When her phone started blowing up at the beauty parlor Wednesday afternoon, Marilyn Vann knew something was up.

The lead plaintiff in a long-standing lawsuit against the Cherokee Nation over the citizenship rights of the descendants of the tribe’s former slaves, Vann knew that that many calls and text messages on a weekday afternoon could only mean one thing: a ruling was in.

“I knew it had to be the case, otherwise people wouldn’t be calling me like that,” she said. “But I never doubted that we would win.”

Late Wednesday afternoon, the District Court for the District of Columbia denied a motion from the Cherokee Nation for a partial summary judgment and ruled that the Treaty of 1866 does indeed extend citizenship rights to the freedmen descendants.

“Although the Cherokee Nation Constitution defines citizenship, Article 9 of the 1866 Treaty guarantees that the Cherokee Freedmen shall have the right to it for as long as native Cherokees have that right,” Judge Thomas Hogan wrote. “The history, negotiations and practical construction of the 1866 Treaty suggest no other result.”

About 2,800 Freedmen descendants are currently enrolled in the tribe but no new applications have been processed since a 2007 referendum that restricted Cherokee Nation citizenship to direct descendants of individuals on the Delaware, Shawnee and Cherokee lists of the Dawes Rolls, which were compiled in the late 19th and early 20th century.

In his ruling Wednesday, Hogan noted that the tribe still has the right to determine its citizenship, but that when it does so, it has to put the Freedmen descendants on the same level as native-born Cherokees.

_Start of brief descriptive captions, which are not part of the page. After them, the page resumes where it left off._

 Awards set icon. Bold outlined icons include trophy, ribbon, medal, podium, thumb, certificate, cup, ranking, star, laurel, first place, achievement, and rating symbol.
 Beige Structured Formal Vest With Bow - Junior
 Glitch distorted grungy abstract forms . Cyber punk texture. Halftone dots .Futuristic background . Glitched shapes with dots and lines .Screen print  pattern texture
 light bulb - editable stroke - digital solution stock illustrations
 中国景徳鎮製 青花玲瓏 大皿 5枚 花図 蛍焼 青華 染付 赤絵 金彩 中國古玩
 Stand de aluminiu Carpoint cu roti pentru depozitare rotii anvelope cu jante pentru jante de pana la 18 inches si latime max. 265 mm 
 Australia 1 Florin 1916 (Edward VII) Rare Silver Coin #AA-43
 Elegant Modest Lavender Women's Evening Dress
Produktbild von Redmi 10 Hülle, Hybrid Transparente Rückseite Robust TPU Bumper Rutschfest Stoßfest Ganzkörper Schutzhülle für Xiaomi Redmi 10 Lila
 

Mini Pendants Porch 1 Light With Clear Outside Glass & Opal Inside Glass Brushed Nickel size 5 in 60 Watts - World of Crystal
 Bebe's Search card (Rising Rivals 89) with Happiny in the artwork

“The Cherokee Nation’s sovereign right to determine its membership is no less now than as a result of this decision than it was after the nation executed the 1866 treaty,” Hogan wrote. “The Cherokee Nation can continue to define itself as it sees fit but must do so equally and evenhandedly with respect to native Cherokees and the descendants of Cherokee freedmen.”

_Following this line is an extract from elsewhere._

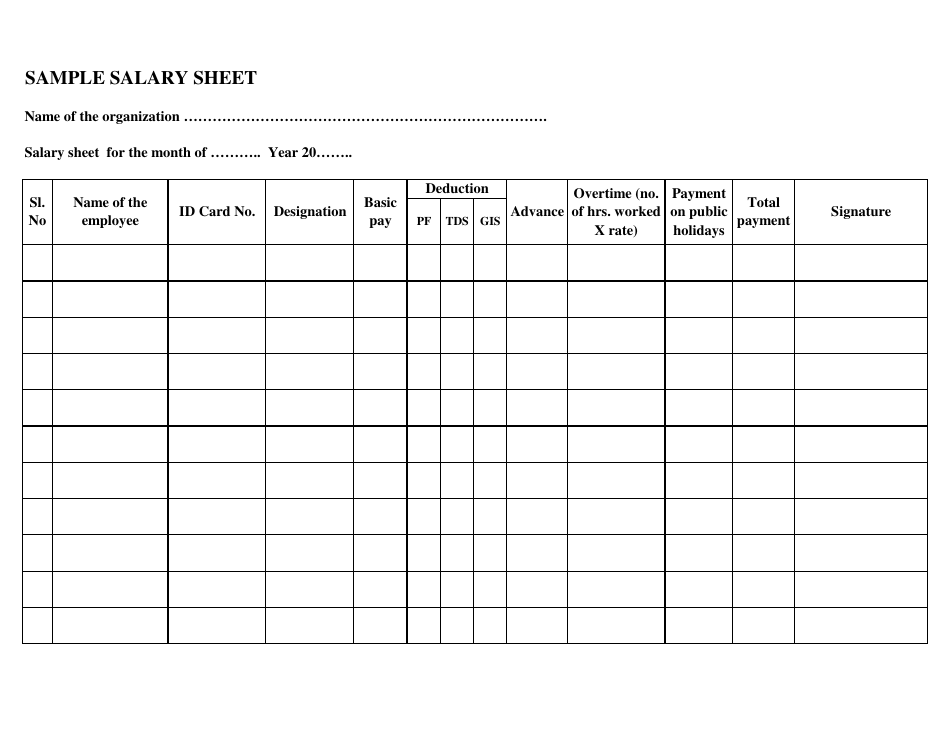 Salary Sheet Template Fill Out, Sign Online and Download PDF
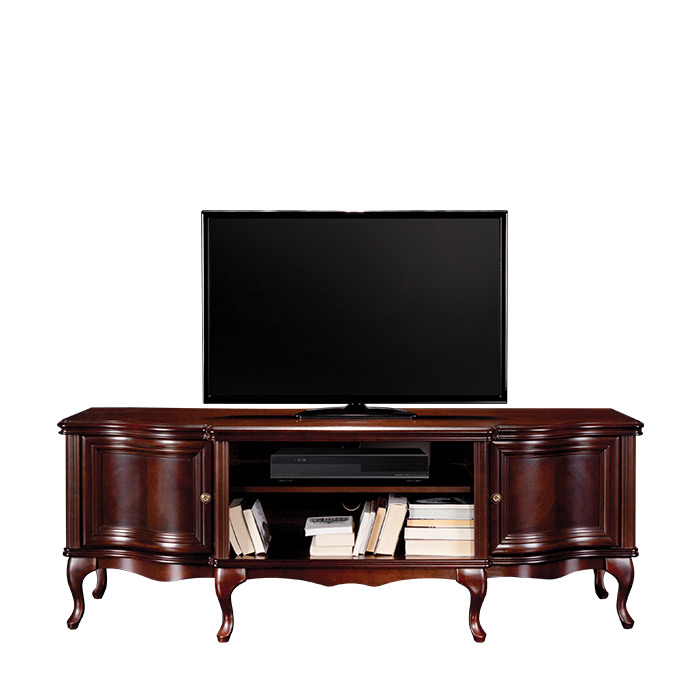 Classic wooden lacquered TV lowboard with 2-swing doors & 2-shelves italian furniture wersal collection Model W-RTV-D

Late Thursday afternoon, Cherokee Nation Attorney General Todd Hembree issued a statement announcing that the tribe would not contest the ruling and its registrar has started working through the backlog of citizenship applications from Freedmen descendants.

“The Cherokee Nation respects the rule of law, and yesterday we began accepting and processing citizenship applications from Freedmen descendants,” he said. “I do not intend to file an appeal.

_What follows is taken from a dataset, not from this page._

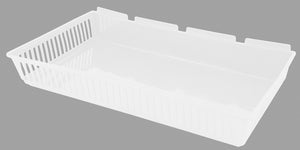 Plastic Slatwall Storage Bins, Cratebox ''Jumbo'', White 5.87x5.62x2.87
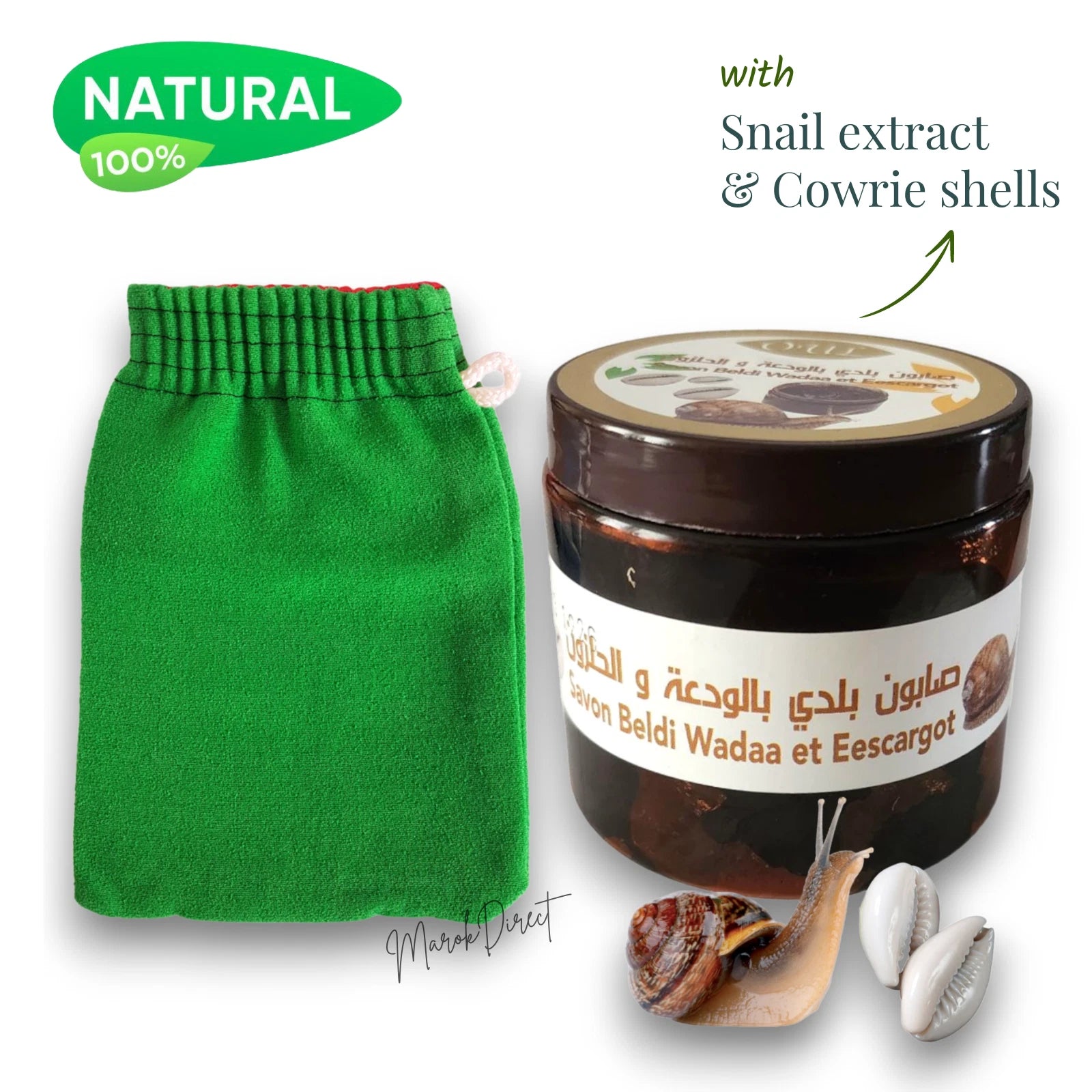 Natural Black Beldi Soap Snail Cowrie Shells Hammam Spa Exfoliating Kessa Glove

“While the U.S. District Court ruled against the Cherokee Nation, I do not see it as a defeat. As the Attorney General, I see this as an opportunity to resolve the Freedmen citizenship issue and allow the Cherokee Nation to move beyond this dispute.

“My office will work tirelessly to thoroughly review this decision and its legal ramifications, and will move forward in a way that best serves the interests of the Cherokee Nation and its citizens, including Freedmen descendants.”

Transferred back to the District of Columbia in late 2013 from the Northern District of Oklahoma, the lawsuit, Cherokee Nation v. Nash, was pending for almost a decade and bounced between two district courts. Despite promises from Hogan for a “speedy ruling,” oral arguments in the case were last heard more than three years ago.

With the decision coming just days before Cherokee National Holiday, the timing carries additional weight for Vann and other Freedmen descendants as they move forward.

“Holiday is when everyone comes together and reunites at the hog fries, powwow grounds and ceremonial grounds,” she said. “The judge may not have been aware it was just before the holiday, but think it’s a wonderful thing for us.”